Politics & Government

Continuing Abramoff probe shows ties to Alaska's Young

Rep. Don Young has said he never allowed convicted lobbyist Jack Abramoff to be an influential force over him in Congress.

But a trove of old billing records from two of Abramoff's firms show that his team of lobbyists had more than 120 contacts with Young's personal and committee staffs over 25 months, including at least 10 with Young himself. The available records cover a single Abramoff client, the Commonwealth of the Northern Mariana Islands, a U.S. territory in the Pacific that Young oversaw when he chaired the House Resources Committee from 1995 to 2001.

The records show that one of the looming concerns of Abramoff and his fellow lobbyists at the time was a bill introduced by Young's fellow Alaskan, Sen. Frank Murkowski, to reform labor and immigration practices feeding the island's notorious Chinese-owned sweatshops.
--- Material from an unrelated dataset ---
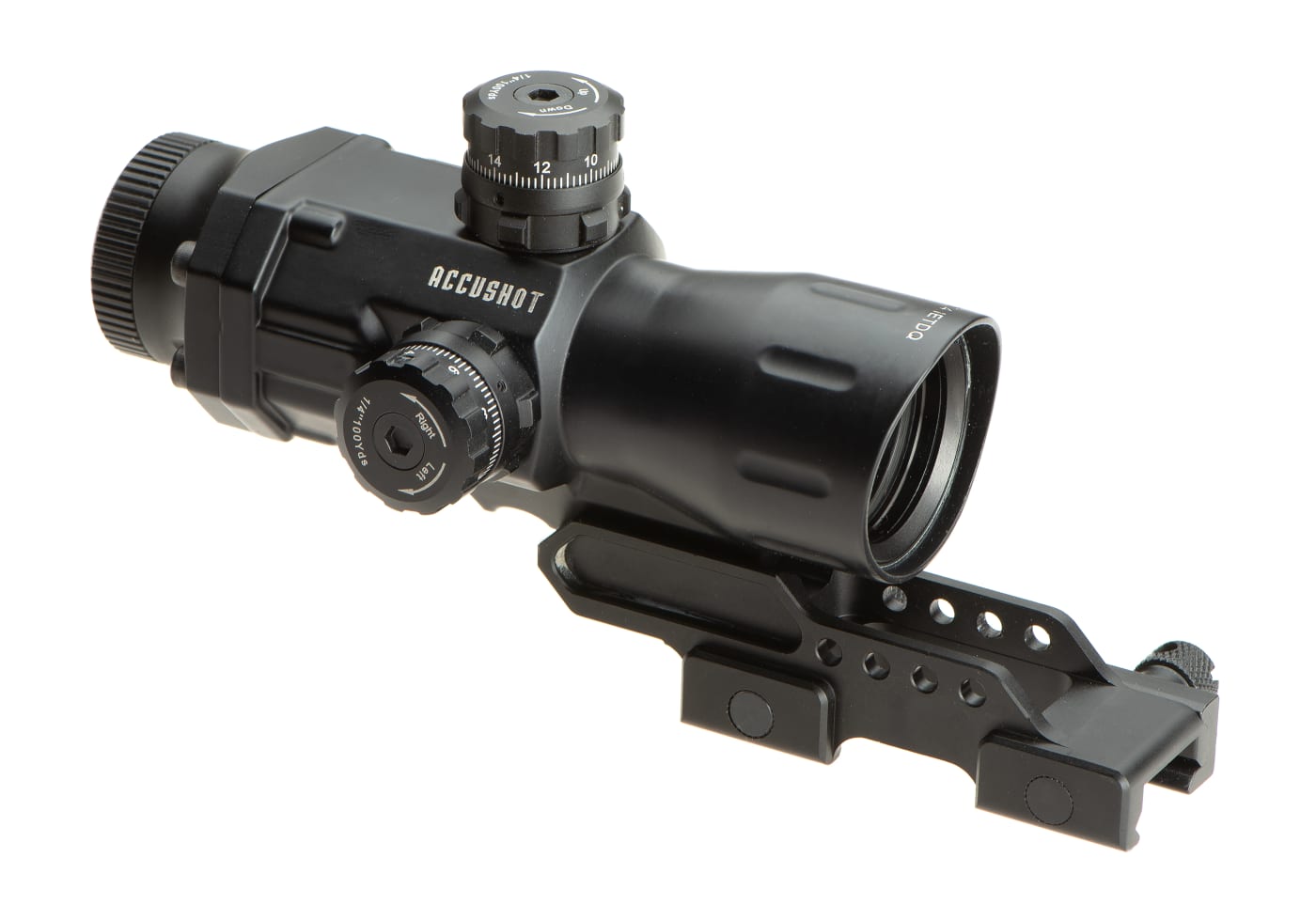 Leapers 4X32 T4 Prismatic Scope T-Dot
In 2000, Murkowski's bill passed the Senate unanimously, but Young stopped it cold in his committee, refusing to hold even a hearing.

Among that new information was a private memo written by Abramoff himself to the governor of the Mariana Islands, expressing concern that Young was being forced by term limits to give up his Resources chairmanship in 2001. "The loss of Chairman Young's authority cannot easily be measured -- or replaced," Abramoff wrote on Jan. 4, 2001, in crediting Young with blocking reform legislation. "We have lost major institutional memory and friendship."